:: YOUR GOAL ::
Your answer should be the exact lines of the records, starting with the one containing "this 640×420 image." and running to the end.

:: SUPPLIED MATERIAL ::
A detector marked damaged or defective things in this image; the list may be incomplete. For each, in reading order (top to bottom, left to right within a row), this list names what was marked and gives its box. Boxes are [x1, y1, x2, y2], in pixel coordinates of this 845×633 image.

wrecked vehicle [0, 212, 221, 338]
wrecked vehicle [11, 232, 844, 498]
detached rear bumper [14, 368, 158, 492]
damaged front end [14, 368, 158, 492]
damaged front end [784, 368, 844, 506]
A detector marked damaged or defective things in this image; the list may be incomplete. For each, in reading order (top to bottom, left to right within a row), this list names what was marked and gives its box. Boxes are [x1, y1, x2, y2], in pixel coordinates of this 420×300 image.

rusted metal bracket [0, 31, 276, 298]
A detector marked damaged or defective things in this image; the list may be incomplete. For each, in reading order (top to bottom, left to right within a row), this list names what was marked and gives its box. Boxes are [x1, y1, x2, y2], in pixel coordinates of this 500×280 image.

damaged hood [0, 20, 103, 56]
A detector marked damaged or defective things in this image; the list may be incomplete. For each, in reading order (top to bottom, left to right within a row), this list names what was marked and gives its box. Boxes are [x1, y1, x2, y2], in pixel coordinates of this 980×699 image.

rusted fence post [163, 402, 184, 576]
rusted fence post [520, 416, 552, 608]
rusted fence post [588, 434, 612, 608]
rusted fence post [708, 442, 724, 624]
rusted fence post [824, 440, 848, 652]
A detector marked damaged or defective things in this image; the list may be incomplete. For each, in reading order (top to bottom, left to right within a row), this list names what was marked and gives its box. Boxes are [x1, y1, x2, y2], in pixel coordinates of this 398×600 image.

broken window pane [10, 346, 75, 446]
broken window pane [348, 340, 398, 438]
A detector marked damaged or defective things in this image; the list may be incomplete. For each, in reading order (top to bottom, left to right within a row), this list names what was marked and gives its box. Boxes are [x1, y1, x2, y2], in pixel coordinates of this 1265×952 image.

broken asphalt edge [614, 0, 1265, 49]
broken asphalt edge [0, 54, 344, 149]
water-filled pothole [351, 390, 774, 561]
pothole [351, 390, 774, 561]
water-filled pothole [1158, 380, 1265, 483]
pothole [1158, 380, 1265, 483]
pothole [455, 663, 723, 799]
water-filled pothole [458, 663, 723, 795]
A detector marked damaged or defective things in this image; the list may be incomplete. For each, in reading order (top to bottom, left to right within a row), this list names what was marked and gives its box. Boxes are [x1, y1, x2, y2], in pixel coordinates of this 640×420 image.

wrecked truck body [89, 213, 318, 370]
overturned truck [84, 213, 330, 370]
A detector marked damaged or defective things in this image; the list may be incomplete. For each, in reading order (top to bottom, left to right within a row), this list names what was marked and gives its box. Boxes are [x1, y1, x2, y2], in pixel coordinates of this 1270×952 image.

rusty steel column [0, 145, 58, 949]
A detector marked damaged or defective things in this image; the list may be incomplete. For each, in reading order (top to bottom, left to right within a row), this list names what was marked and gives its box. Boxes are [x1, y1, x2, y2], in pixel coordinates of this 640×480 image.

:: PROBLEM SOLUTION ::
A detector marked damaged or defective things in this image; the list may be incomplete. For each, in reading order (top to bottom, left to right within a row), this list names what was marked and gives its box. Boxes are [x1, y1, x2, y2], in pixel coordinates of this 640×420 image.

wrecked truck body [89, 213, 318, 370]
overturned truck [84, 213, 330, 370]
A detector marked damaged or defective things in this image; the list may be incomplete. For each, in reading order (top to bottom, left to right within a row), this list names what was marked and gives its box. Boxes are [x1, y1, x2, y2], in pixel coordinates of this 1270×952 image.

rusty steel column [0, 145, 58, 949]
A detector marked damaged or defective things in this image; the list may be incomplete. For each, in reading order (top to bottom, left to right within a row), this list names what was marked and gives its box. Boxes are [x1, y1, x2, y2], in pixel coordinates of this 640×480 image.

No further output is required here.